Specifically, the urllib module uses the preceding protocol to download data from the Internet, lan, and local hosts.

Httplib, ftplib, and gopherlib are not required to use this module unless you need lower-layer functions.

Python 2 contains urlib, urlparse, urllib2, and other content. In Python 3, all these modules are integrated into a single package named urllib.

Urlib and urlib2 are integrated into the urlib. request module, and urlparse is integrated into urllib. parse.

The urlib package in Python 3 also contains submodules such as response, error, and robotparse.

 

URL format

Prot_sch: // net_loc/path; params? Query # frag

Each part of the URL (each component of the Web address)

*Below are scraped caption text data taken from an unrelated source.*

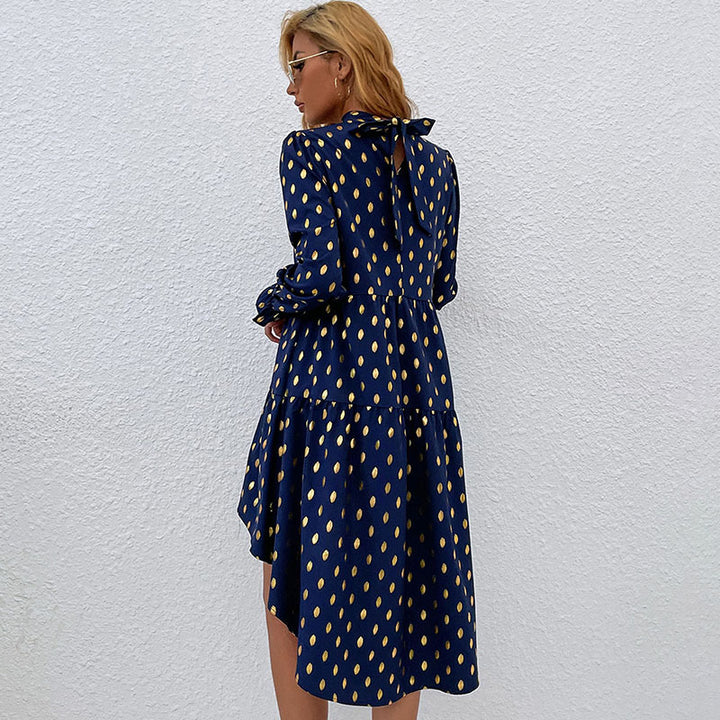 Robe à volants pour femmes avec accents dorés et col haut Levoire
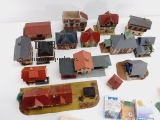 H0 Eisenbahnplatte Konvolut Häuser Zubehör Ikarus Bus DDR Gebäude Minol Tankstelle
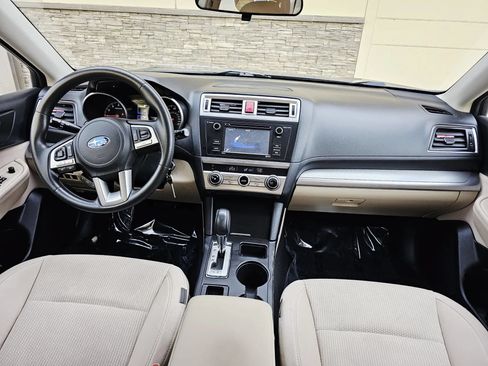 Used 2017 Subaru Outback 2.5i AWD/4WD image 13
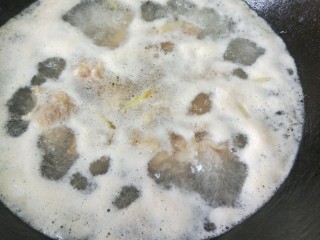 胡萝卜土豆鸡腿焖饭,鸡肉冷水下锅，放入姜片汆水后捞出冲洗干净浮沫备用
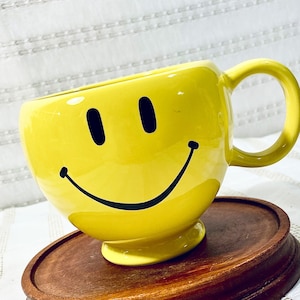 Vintage Smiley Face Mug, Smile Emoji Coffee Cup, Yellow Smiley Face Vase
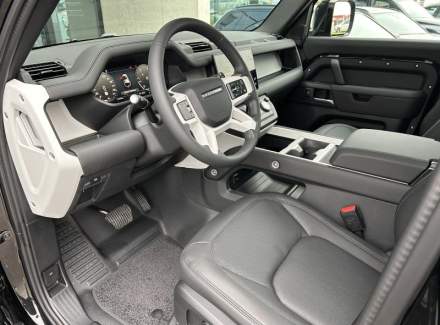 Land Rover - Defender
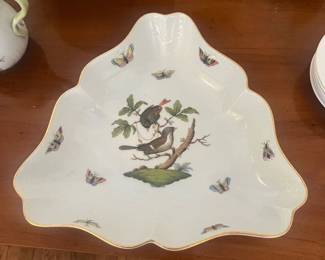 Closer view of the set of hand-painted Herend Rothschild Bird pattern dinnerware.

Prot_sch network protocol or Download Scheme net_loc server location (also containing user information) path use the slash (/) to split the file or CGI application path params optional parameter query connector (&) the split key-Value Pair net_loc can be further split into multiple components, some of which are essential and others are optional: user: passwd @ host: portuser user name or login passwd User Password host run web server computer name or address (required) port number (if not the default 80)

 

The urllib. parse module is called urlparse in python2 and has been renamed urllib. parse in python3.

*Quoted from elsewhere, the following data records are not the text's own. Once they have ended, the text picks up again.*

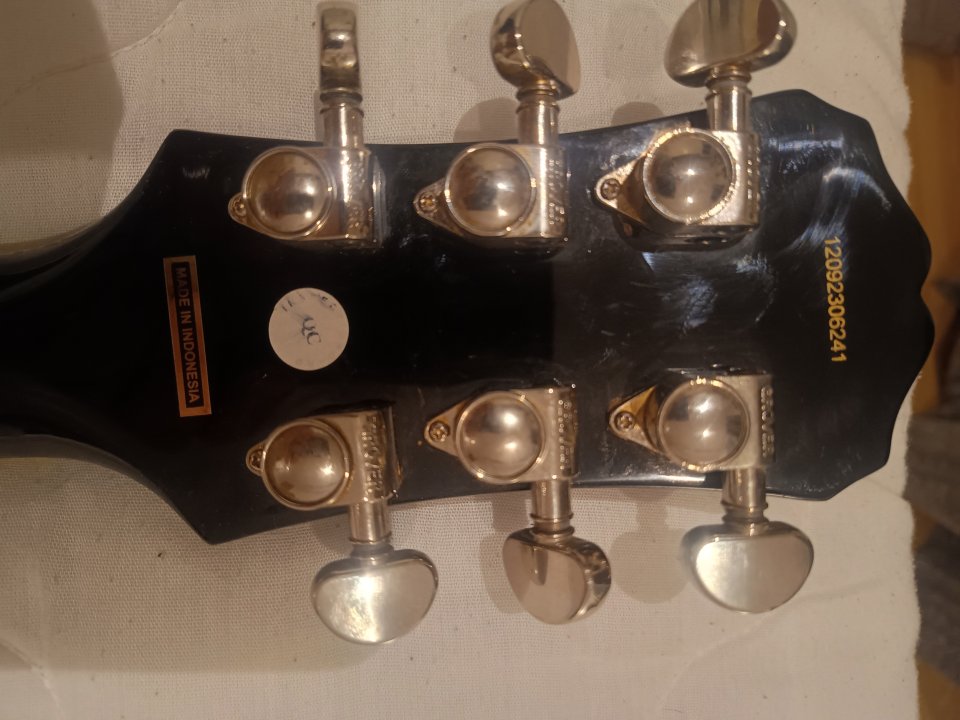 Epiphone Les Paul + JB En puente de segunda mano · Foto 6 de 8 · Bizkaia · 430 €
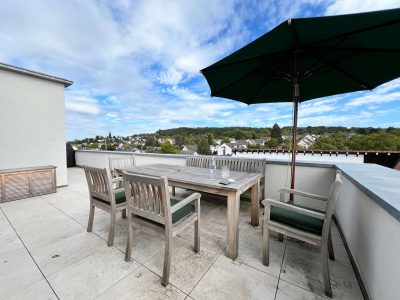 Genießen Sie von der Dachterrasse Ihrer Penthouse-Wohnung den Blick auf den grünen Venusberg, 53127 Bonn, Penthousewohnung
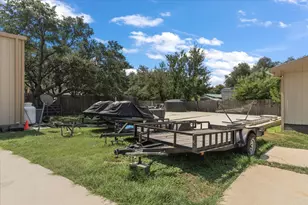 24705 Whitney Dr, Spicewood, TX 78669 - Photo 17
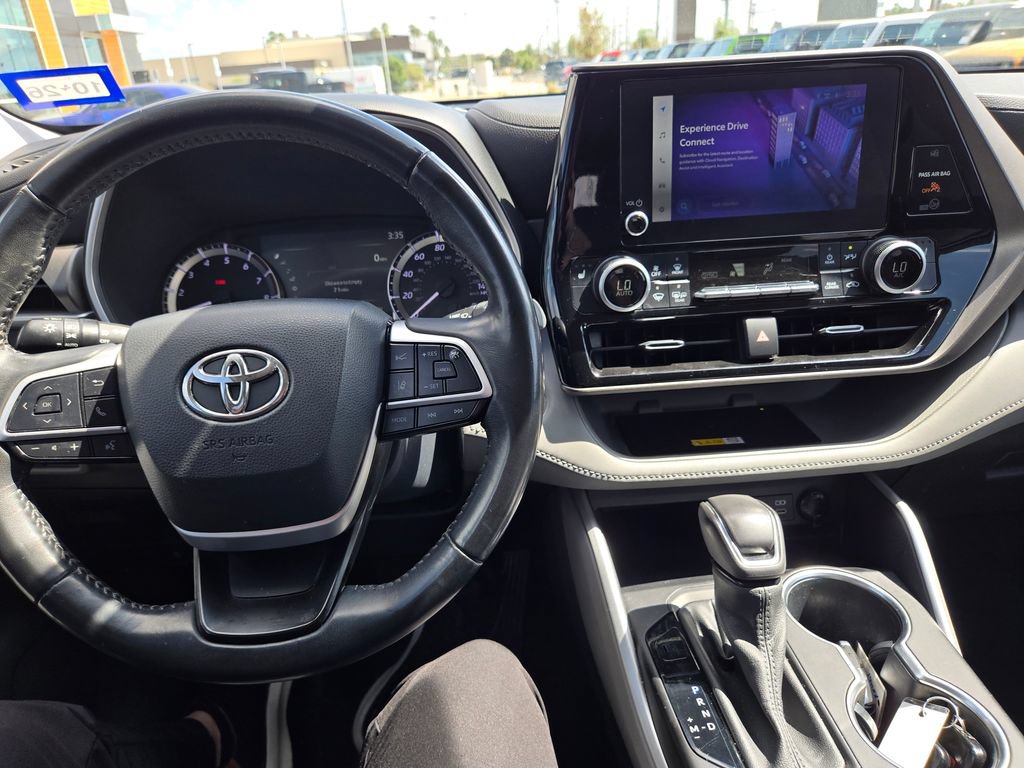 Used 2023 Toyota Highlander XLE FWD image 10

The urllib. parse module provides some basic functions for processing URL strings. These functions include urlparse (), urlunparse (), and urljoin ().

 

Urlparse () parses urlstr into a 6-tuple (prot_sch, net_loc, path, params, query, frag ):

Syntax: urlparse (urlstr, defProtSch = None, allowFrag = None) >>> urllib. parse. urlparse ("https://www.smelond.com? Cat = 6 ") ParseResult (scheme = 'https', netloc = 'www .smelond.com ', path ='', params = '', query = 'cat = 6 ', fragment = '')

 

Urlunparse () is the opposite of urlpase (). It generates the urltup 6 tuples (prot_sch, net_loc, path, params, query, frag) from the URL processed by urlparse ), concatenate the URL and return:

Syntax: urlunparse (urltup) >>> result = urllib. parse. urlparse ("https://www.smelond.com")> print (result) ParseResult (scheme = 'https', netloc = 'www .smelond.com ', path = '', params = '', query = '', fragment ='') >>> urllib. parse. urlunparse (result) 'https: // www.smelond.com'

 

When we need to process multiple related URLs, we need to use the urljoin () function. For example, a Web page may produce a series of page urls:

Urljoin () gets the root domain name and connects its root path (net_loc and the complete path above it, but does not include the final file) to newurl.

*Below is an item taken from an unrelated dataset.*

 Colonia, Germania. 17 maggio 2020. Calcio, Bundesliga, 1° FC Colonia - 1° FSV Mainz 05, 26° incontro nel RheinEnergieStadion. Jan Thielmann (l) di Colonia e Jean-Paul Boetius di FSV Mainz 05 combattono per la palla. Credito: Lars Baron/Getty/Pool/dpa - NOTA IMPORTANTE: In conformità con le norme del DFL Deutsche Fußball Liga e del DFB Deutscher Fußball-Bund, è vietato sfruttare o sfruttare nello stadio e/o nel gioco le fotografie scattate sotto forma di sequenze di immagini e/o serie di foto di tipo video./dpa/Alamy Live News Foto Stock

Syntax: urljoin (baseurl, newurl, allowFrag = None) >>> urllib. parse. urljoin ("https://www.smelond.com? Cat = 6 ","? Cat = 7 ") 'https: // www.smelond.com? Cat = 7'> urllib. parse. urljoin ("https://www.smelond.com? Cat = 6 "," abc ") 'https: // www.smelond.com/abc'> urllib. parse. urljoin (" https://www.smelond.com? Cat = 6 ","/test/abc.html ") 'https: // www.smelond.com/test/abc.html' >>> urllib. parse. urljoin ("https://www.smelond.com", "abc.html") 'https: // www.smelond.com/abc.html'

 

Core Function Description in the urllib. parse Module

Urlparse (urlstr, defProSch = None, allowFrag = None) parses urlstr into each component. If no protocol or scheme is specified in urlstr, defProtSch is used; allowFrag determines whether URL fragment urlunparse (urltup) is allowed to combine a tuple of URL data (urltup) into a URL string urljoin (baseurl, newurl, allowFrag = None) combine the root domain name and newurl of the URL into a complete URL. The role of allowFrag is the same as that of urlpase ().

 

Contact Us

The content source of this page is from Internet, which doesn't represent Alibaba Cloud's opinion; products and services mentioned on that page don't have any relationship with Alibaba Cloud. If the content of the page makes you feel confusing, please write us an email, we will handle the problem within 5 days after receiving your email.

If you find any instances of plagiarism from the community, please send an email to: info-contact@alibabacloud.com and provide relevant evidence. A staff member will contact you within 5 working days.

A Free Trial That Lets You Build Big!

Start building with 50+ products and up to 12 months usage for Elastic Compute Service

  • Sales Support

    1 on 1 presale consultation

  • After-Sales Support

    24/7 Technical Support 6 Free Tickets per Quarter Faster Response

  • Alibaba Cloud offers highly flexible support services tailored to meet your exact needs.